JAL President Isao Kaneko became president and chief executive officer of the new holding company the same day.

The presidents of both carriers greeted passengers at boarding gates at Tokyo’s Haneda airport, passing out commemorative gifts. They were assisted by flight attendants decked out in throwback uniforms.

“We will work so that we do not lose to the speed of the times, nor forget the need to give (the job) our best,” Kaneko said.

Japan Airlines System was listed Tuesday on the first sections of the Tokyo Stock Exchange, the Osaka Securities Exchange and the Nagoya Stock Exchange.

The holding company is capitalized at 100 billion yen and has a workforce of 122. The Mizuho Financial Group is its largest stockholder, followed by Tokyu Corp., which was the top JAS shareholder.

JAL has a large network of international routes but has not done well in the domestic market, where rival All Nippon Airways has a dominant share.

By integrating its operations with JAS, which has a large domestic web, JAL hopes to compete domestically with ANA on an equal footing and boost its profits.

In the first phase of their management integration, JAL and JAS will maintain their current flight services, becoming subsidiaries of Japan Airlines System.

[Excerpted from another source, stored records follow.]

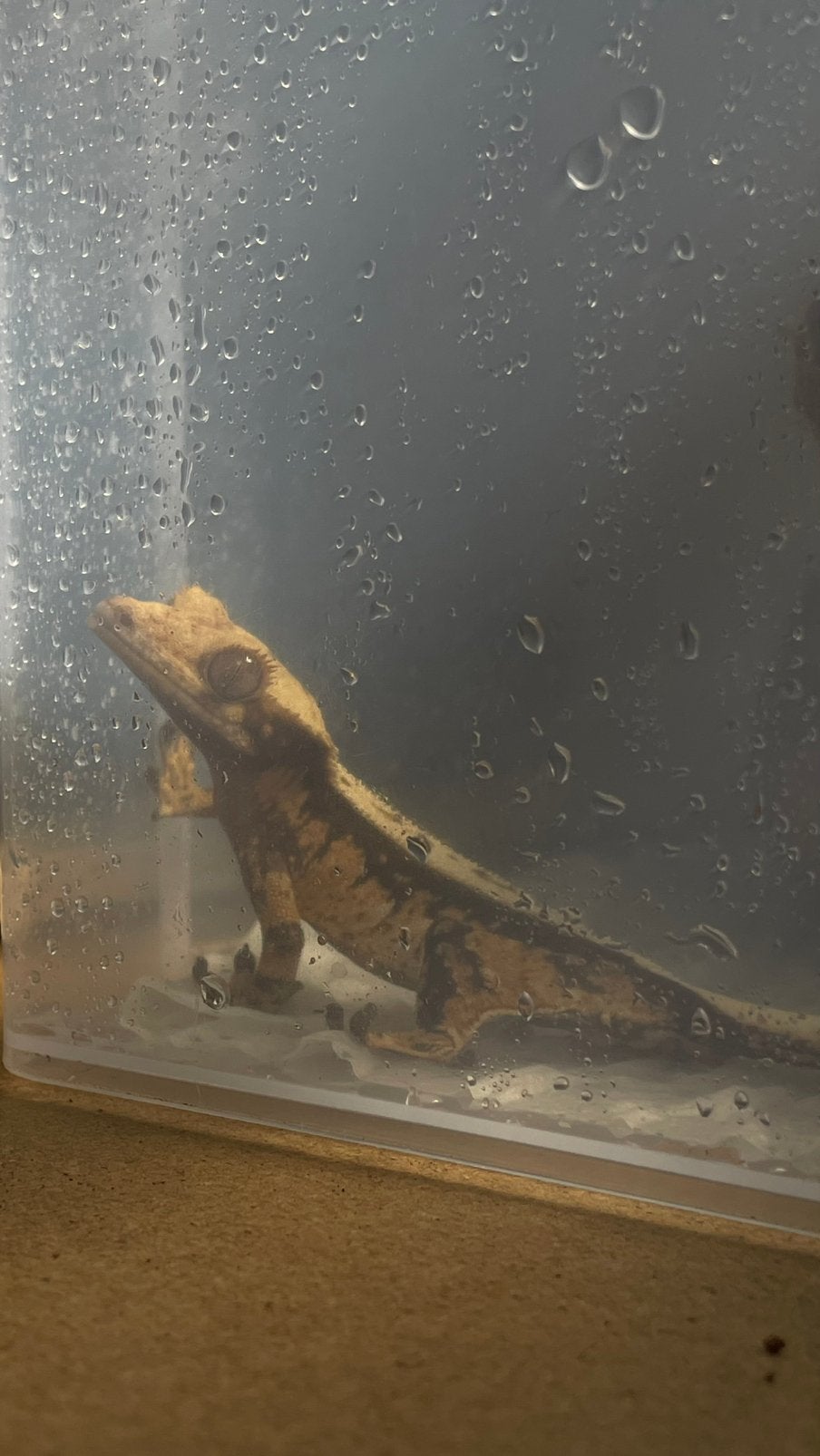 Baby wimper gekko, Dieren en Toebehoren, Reptielen en Amfibieën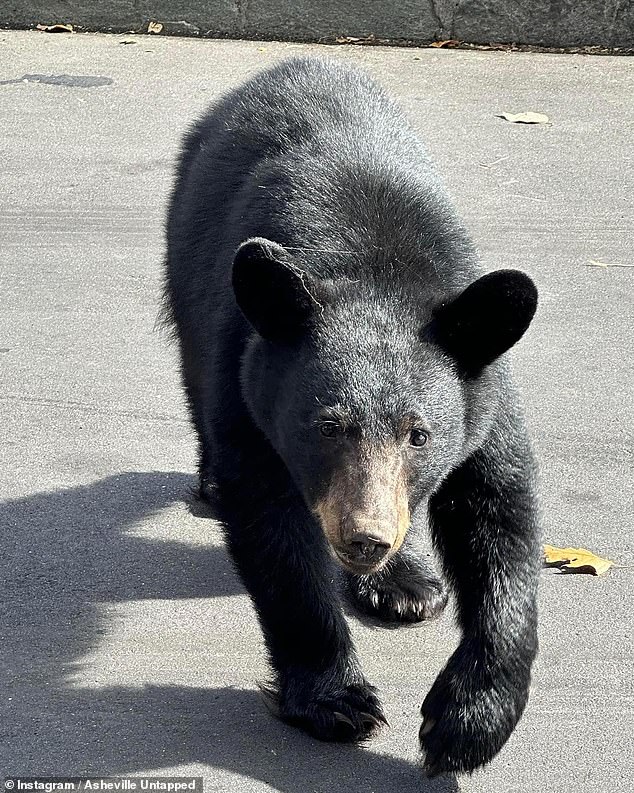 The bear had a black body and brown snout, which is common among black bears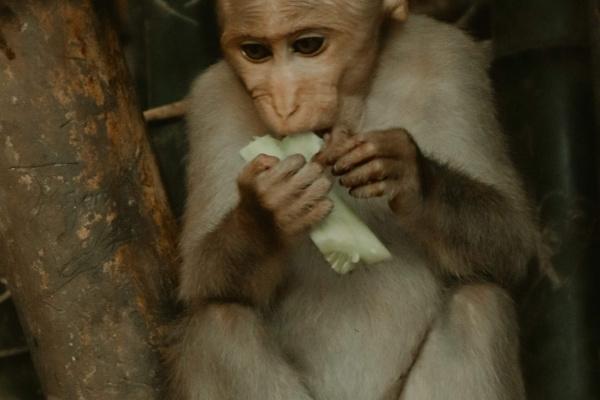 闹闹女巫 0905十二星座今日运势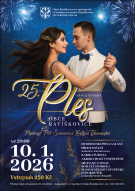 Společenský ples 1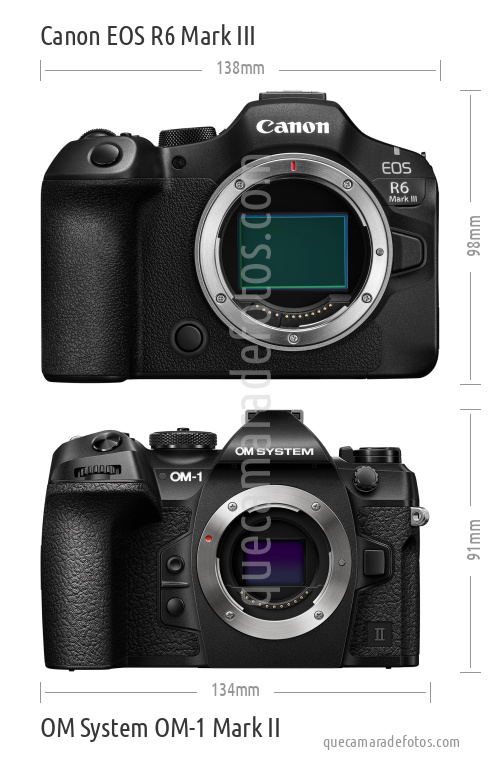 Canon EOS R6 Mark III vs OM System OM-1 Mark II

But JAS Sales, a new company formed under the new holding firm, has taken over their ticket sales.

The carriers have also set up a system that allows customers to book flights on either airline at their reservation centers.

In the second integration phase, beginning in April 2004, the two companies will completely merge their operations into three group firms.

These will be Japan Airlines International Co., which will run international flights; Japan Airlines Domestic Co., which will operate domestic flights; and Japan Airlines Cargo Co.

By then, the carriers hope to have integrated their computer systems for handling seat reservations and issuing tickets.